[Marxism] Did Cuba end up 'towing the moscow line'?

Joaquín Bustelo jbustelo at gmail.com
Sun Feb 10 16:49:32 MST 2013


On 2/9/2013 10:05 PM, John Wesley wrote:
> Why do all these accounts overlook the fact that the Soviets, tired of all the Guevarist revolutionary romanticism, by 1968 gave Fidel the choice of either towing the Moscow line, or be left to the mercies of the US ?

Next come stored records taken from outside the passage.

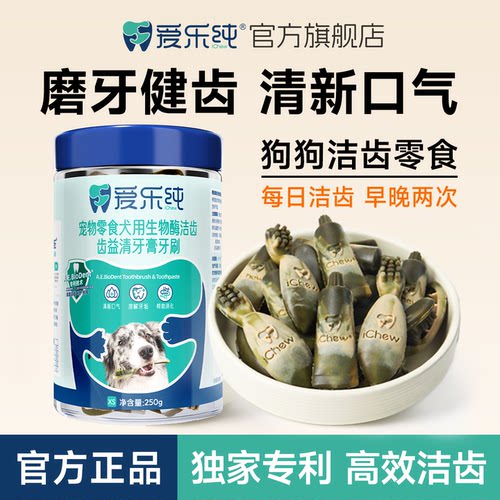 爱乐纯洁齿磨牙棒清牙垢清新口气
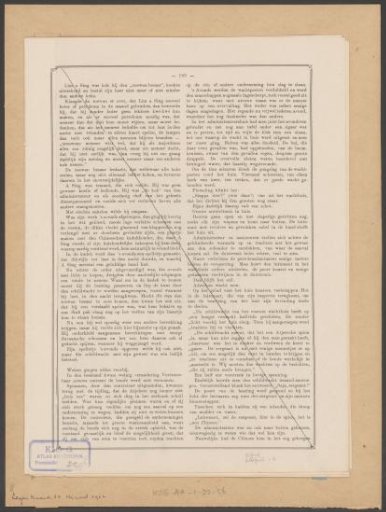 Article on Jan van der Heyden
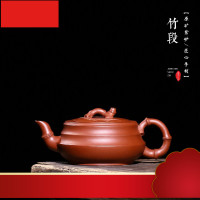 紫砂壶厂家直销原矿底槽清曹志刚茶壶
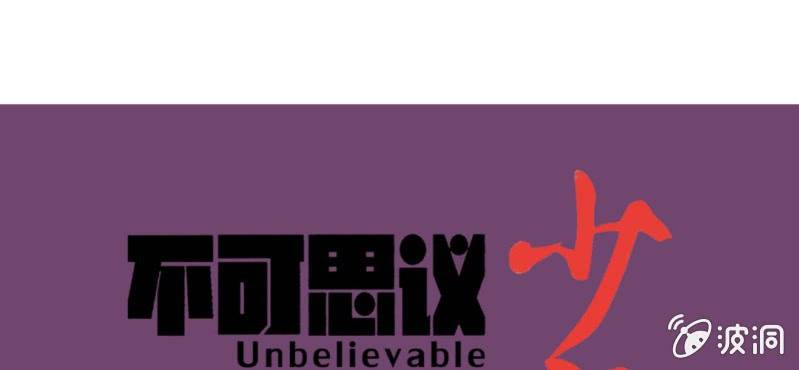 第十七话 约定(1/2)-第18话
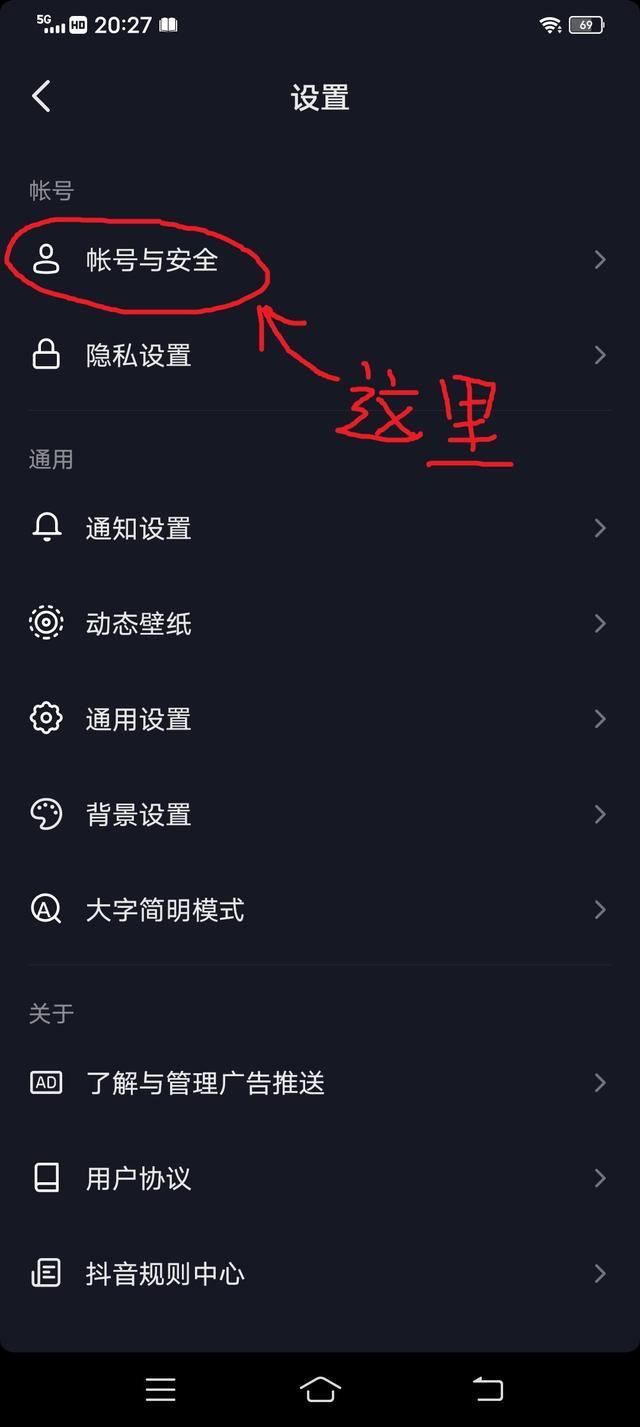 抖音禁言怎么注銷賬號(hào)？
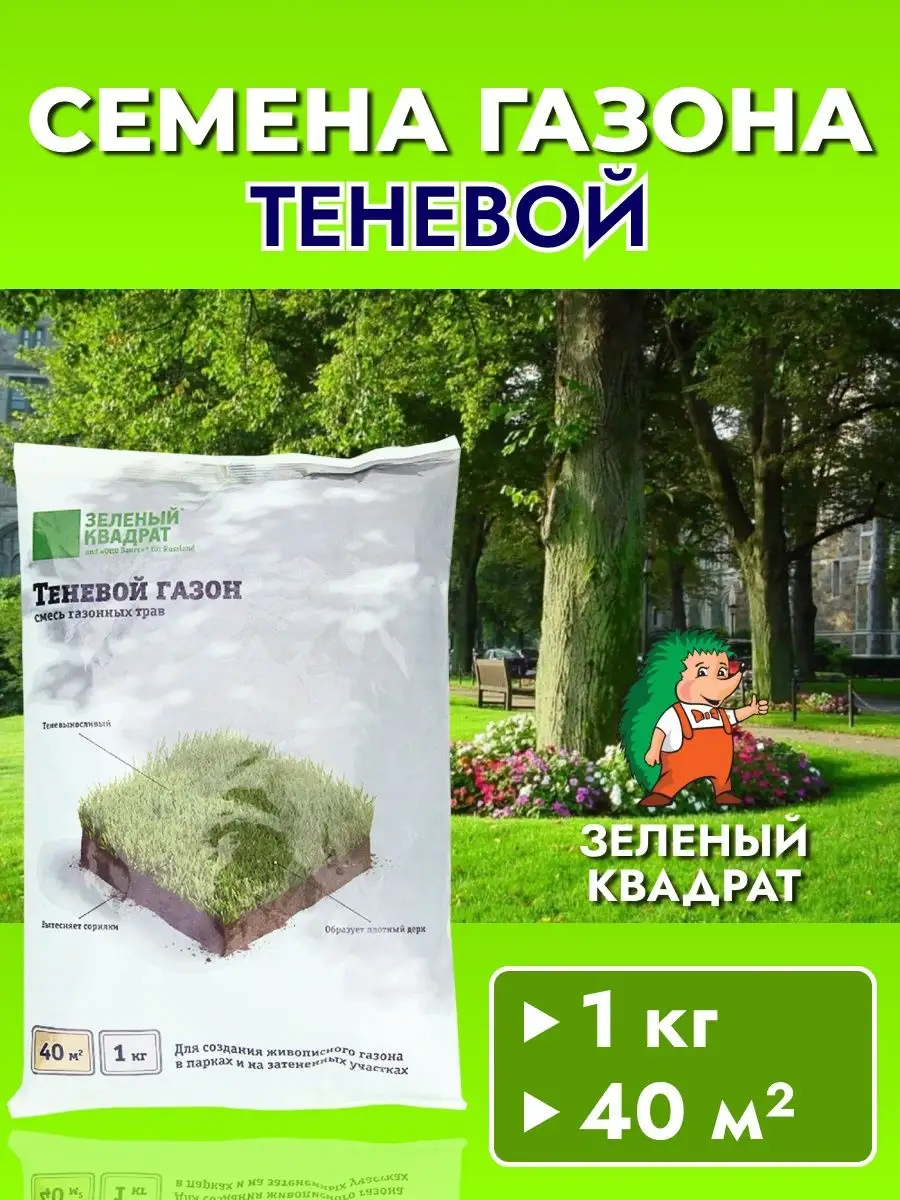 Газон Зеленый квадрат Теневой, 1кг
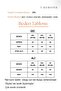 Plus Size Luxury Pajama Set with Elastic Waist Comfort Model Cotton Women's Pajama Set - 2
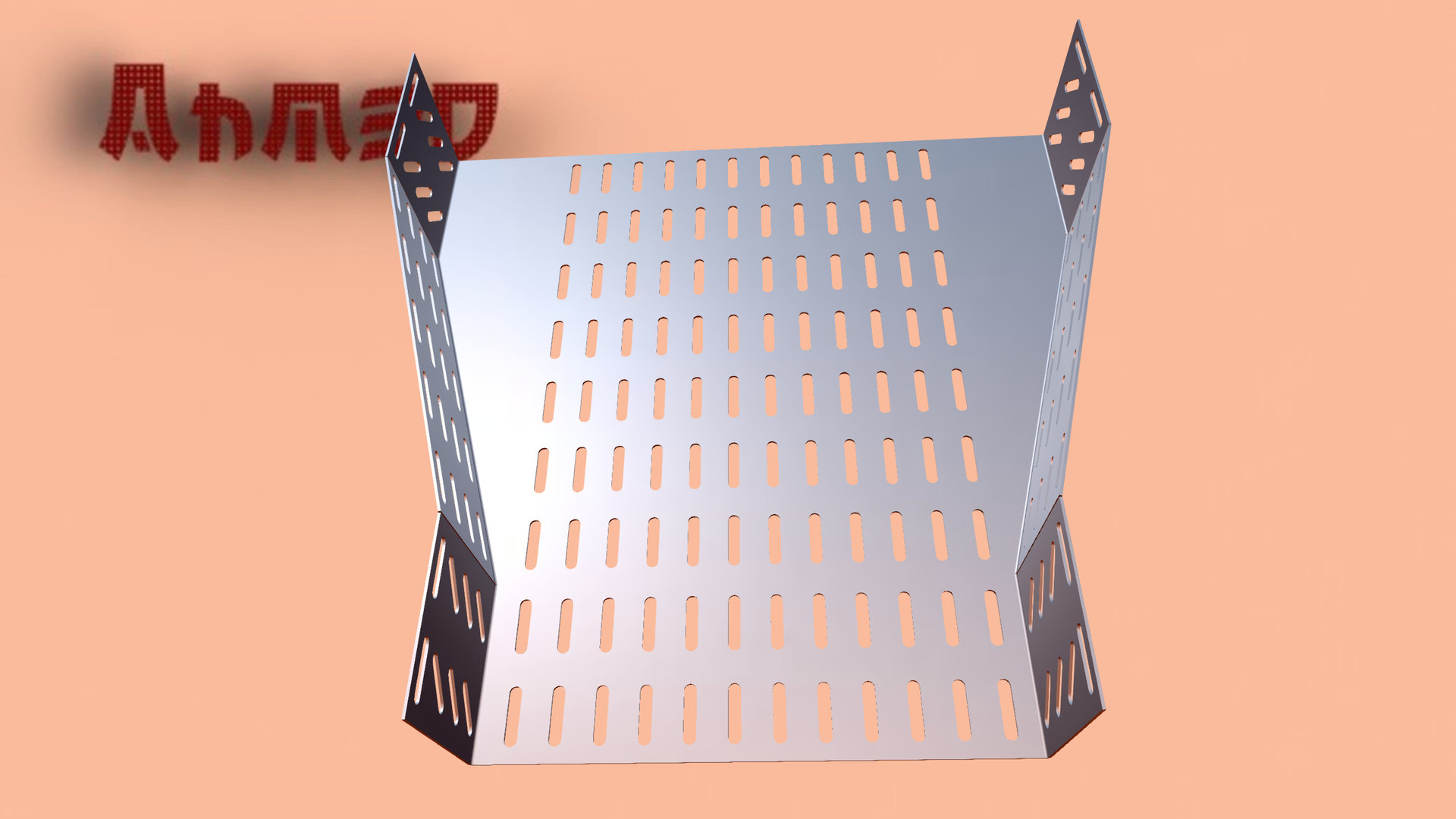 Reducer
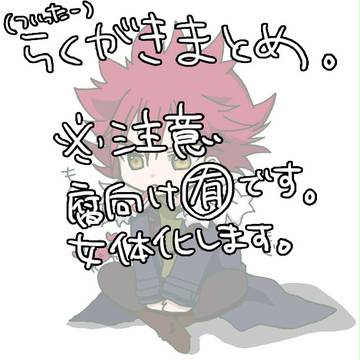 【腐】落書きまとめ
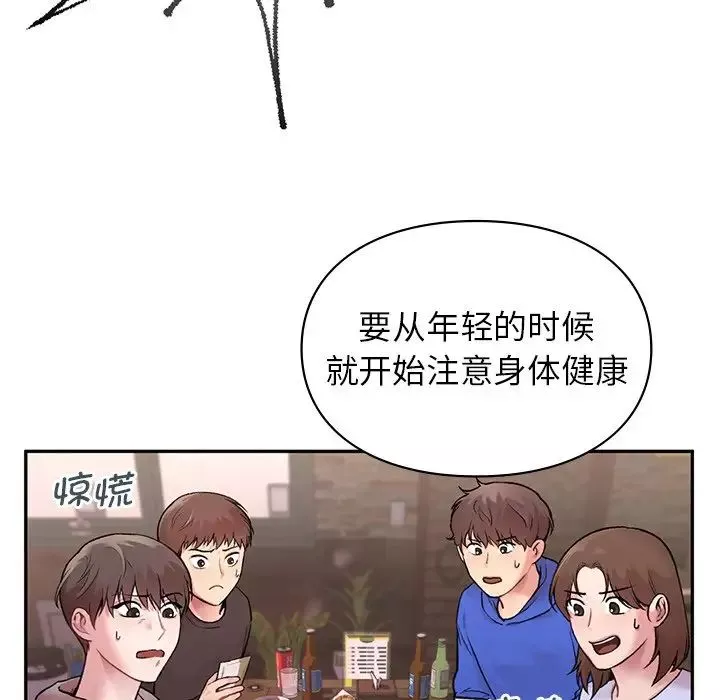 让我一见钟情的他第1話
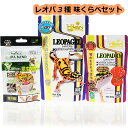 【全国送料無料】レオパ 3種味くらべセット レオパゲル60g+レオパドライ60g+レオパブレンドフード60 (緑) (新商品)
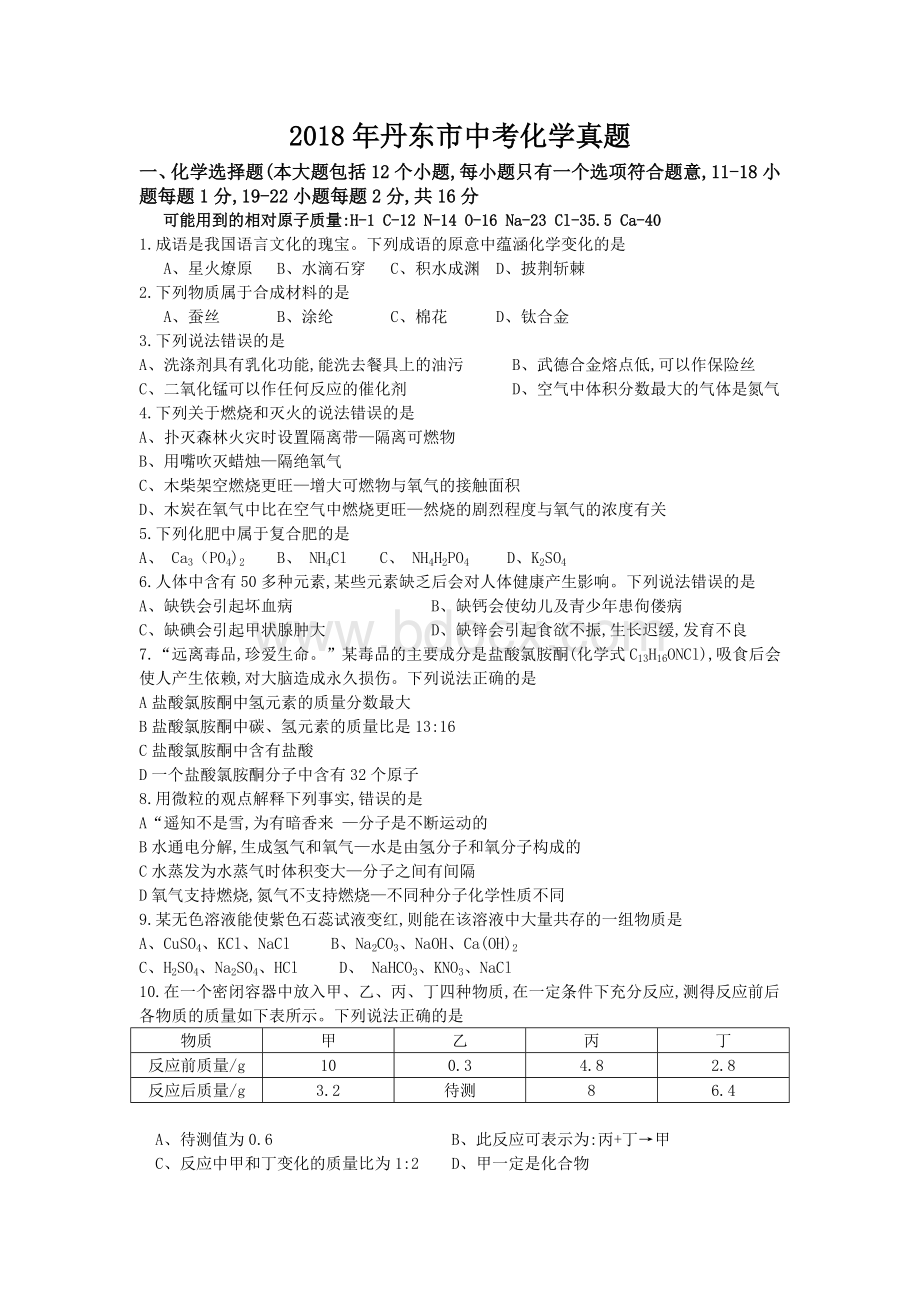 丹东市中考化学真题及答案Word文档格式.doc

These accounts "overlook it" because it simply wasn't so.  See, for 
example what Fidel says about 40 seconds into this clip from episode 18 
of the CNN documentary series "Cold War." It is about Cuba and the 
Soviets in relation to Nicaragua and the civil wars in Central America 
in the 1980s.

http://youtu.be/lct7SkpYfKA

Referring to U.S. accusations that the was a Cuban-Soviet plot to take 
over all of Central; America, Fidel responded:

"Look, if a Soviet-Cuban master plan actually existed we would have won 
the Cold War. (Laughs) If there had been a master plan. But 
unfortunately there was no such plan, quite the opposite. Cuba's actions 
conflicted with Soviet interests at that time."

Nor was that something new.

Five years ago on this list I documented another such divergence between 
Cuba and the Soviets -- the decision to send troops to Angola in 1975 to 
prevent a takeover of the country by  CIA- and South Africa-backed 
Angolan groups on the eve of the country's formal independence.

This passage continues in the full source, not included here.